Tout l’effort de Gilson est de répondre à la question des conditions d’une action politique vraiment catholique dans une société qui ne l’est pas ou plus, voire qui menace d’éradiquer le catholicisme. Il combat une pseudo neutralité de l’État qui masque en réalité un laïcisme autoritaire. Sa revendication ne procède pas d’un communautarisme « séparateur », pour faire écho à des débats d’aujourd’hui, mais, au contraire, de ce qui pourrait être pour l’État une neutralité authentique, prenant en compte la totalité de la personne humaine, qui ne peut séparer en elle sa dignité de citoyen, d’être humain et de croyant. Tout est question de distinction des ordres, d’harmonisation entre les plans, mais tout ce travail doit reposer sur une présence sociale, on dirait aujourd’hui une « visibilité », forte et respectueuse. En somme, Gilson cherche à définir une vraie laïcité et sa réflexion pourrait encore être utile.

Bien sûr, en l’absence de toute sociologie, il semble ignorer toutes les compromissions, tout ce poids qui penche le plus souvent vers des politiques injustes. Mais tout se passe comme s’il répondait par avance au fameux article de Merleau-Ponty paru dans L’Action en décembre 1945, « Foi et bonne foi » (repris dans Sens et non-sens), dans lequel ce dernier stigmatisait « l’équivoque du catholicisme comme phénomène social ». Ce n’est pas que « dans la question sociale, on ne peut jamais compter [sur les catholiques] jusqu’au bout » (Sens et non-sens, Gallimard, 1996, p. 210), mais les catholiques, par l’action du même nom, entendent « fixer eux-mêmes les conditions religieuses requises pour que la collaboration qu’on leur demande puisse être accordée ».

Gilson vit dans un monde où les catégories sont transparentes, le « religieux » bien distinct du « politique », et dans lequel la question qui se pose est celle des conditions de l’interaction du premier dans le second. S’il constate que les catholiques sont divisés politiquement, ce n’est pas pour en conclure qu’il devient difficile d’identifier à quoi renvoie le terme d’Église, alors même qu’elle est traversée par tous les clivages sociaux et politiques et que le « corps », le « lieu » qu’elle constituait, unissant le « dire » au « faire », tendent à « éclater », selon les termes de Michel de Certeau (Le christianisme éclaté, Seuil, 1974).

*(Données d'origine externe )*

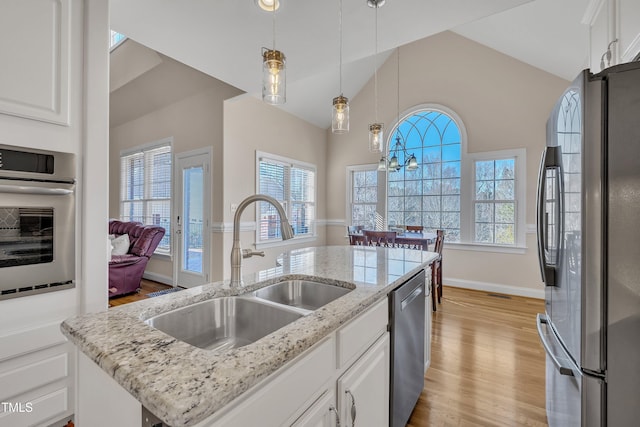 kitchen with white cabinets, light wood-style flooring, stainless steel appliances, and a sink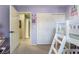 Charming bedroom with white bunk beds, purple walls and closet with sliding doors at 25 Lone Cove Ct # 2, Henderson, NV 89012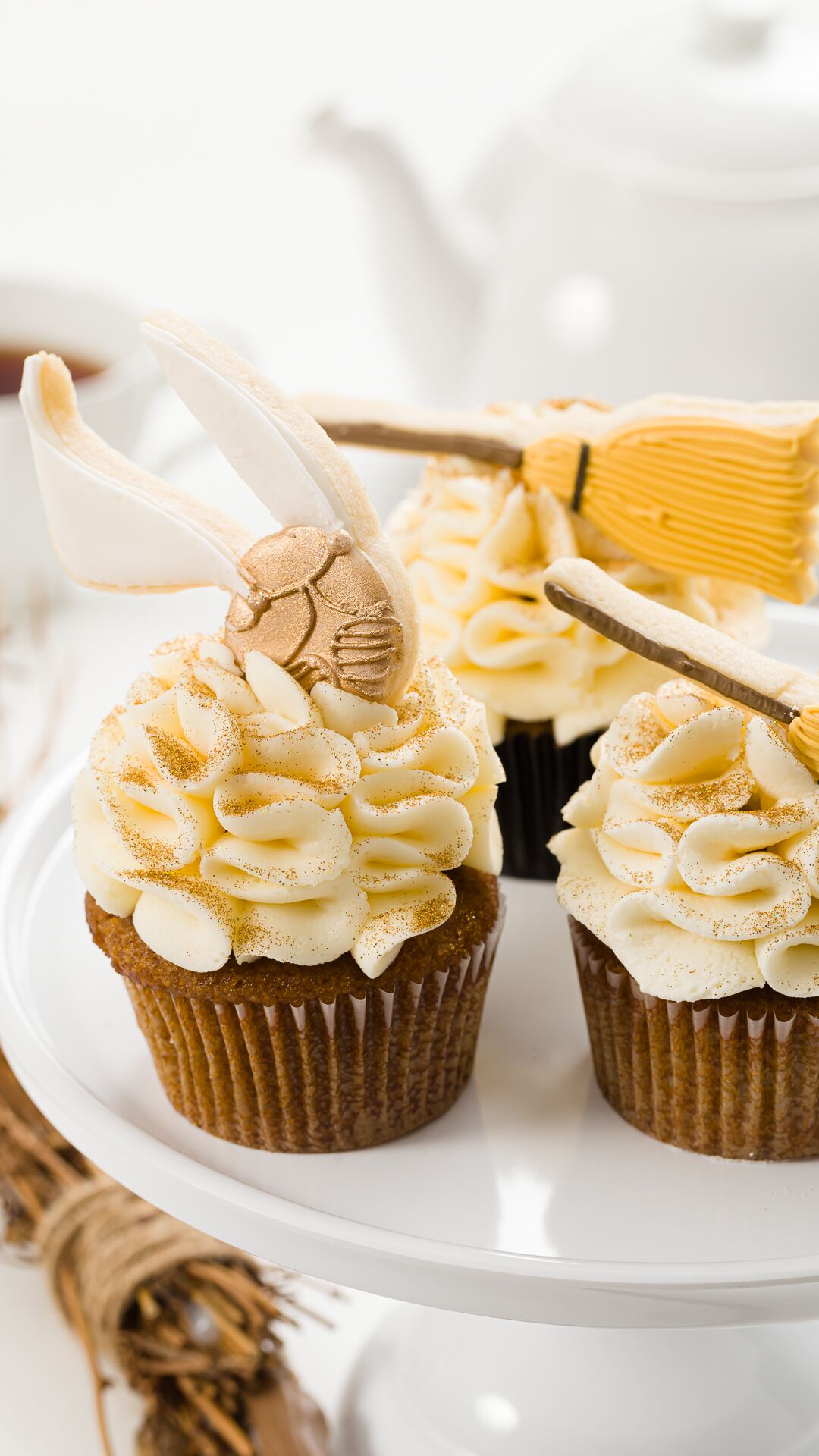 Cupcakes on a white stand with vanilla frosting topped with cookie brooms and sniches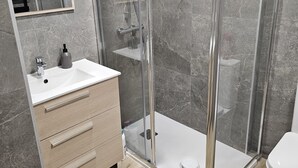 A modern bathroom with a glass-enclosed shower, a white sink, and a wooden vanity. - Inspiracion Valencia (València)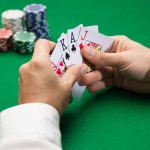 casino, gambling, poker, people and entertainment concept - close up of poker player with playing cards and chips at green casino table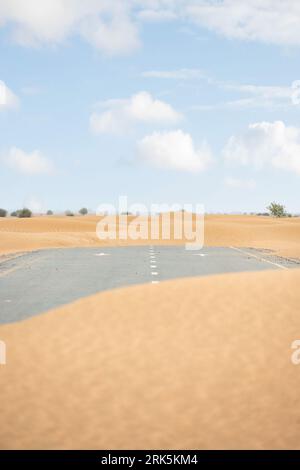 (Selective focus) Stunning view of a deserted road covered by sand dunes. Empty road that run through the Dubai desert. Dubai, United Arab Emirates. Stock Photo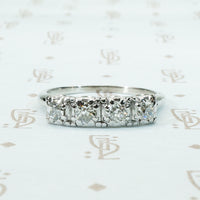 four chunky old mine cut diamonds in a platinum band setting
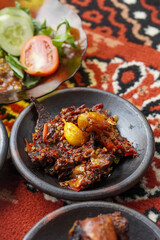 Indonesian cuisine rich in spices, captured on February 10, 2025. The vibrant colors and aromatic ingredients create a flavorful and authentic culinary experience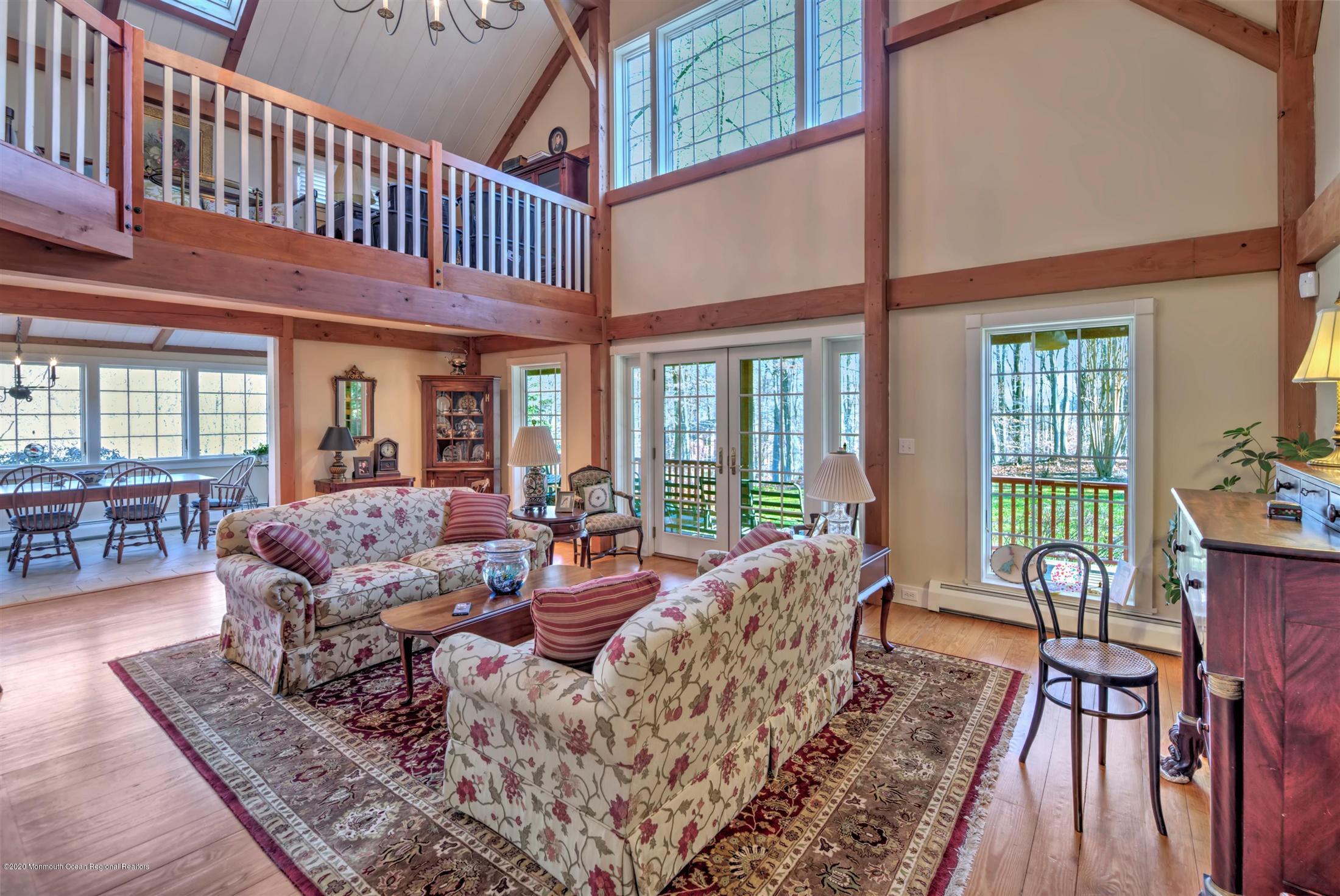 886 Province Line Road Allentown, NJ 08501 - Photo 9 of 56 a living room with furniture floor to ceiling window and wooden floor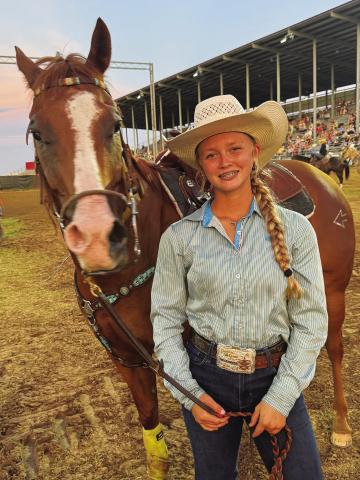 Marley Miller and her horse, Pete, pose after a run in the barrel racing Thursday night at the International Finals Youth Rodeo in Shawnee. Photo/Brian Blansett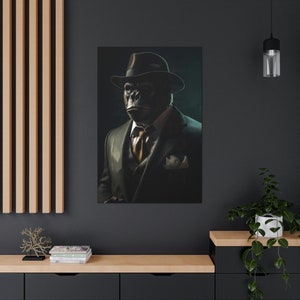 May include: A black and white portrait of a gorilla wearing a dark brown fedora and a dark suit with a gold tie. The gorilla has a serious expression on its face.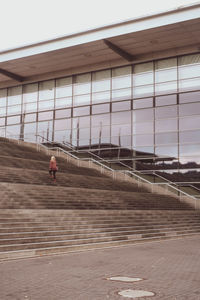 Woman walking on steps in city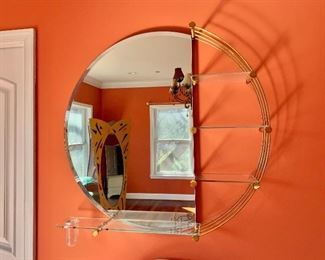 $250 - Art deco round mirror with shelves and built-in vase; 34" W x 32" H x 6.5" D 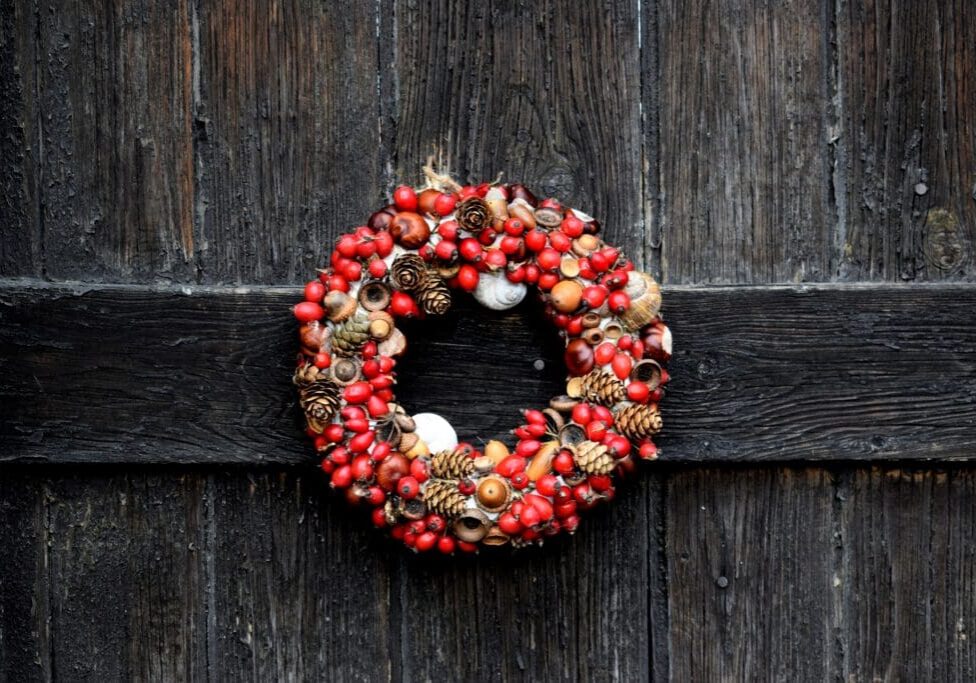 A wreath of red berries and nuts hanging on the side of a door.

Si Étienne Gilson, malgré son combat contre l’Action française, n’a pas assez prêté attention à la sociologie, il reste que sa pensée met en crise assez radicalement un « politique » de droite ou de gauche, libéral ou fascisant, démocrate ou transformé en manager, qui se penserait das Total, par intervention d’un principe extérieur supérieur, qui lui-même doit veiller de très près à son extériorité, qui empêche le gros animal politique de se refermer sur lui-même au mépris de la personne humaine et, faudrait-il ajouter aujourd’hui, de la terre.


  1. Dans une note importante du chapitre dédié à Roger Bacon de ses Métamorphoses de la cité de Dieu, Gilson souligne que « nous n’avons encore pas de théologie de la Chrétienté » (p. 80).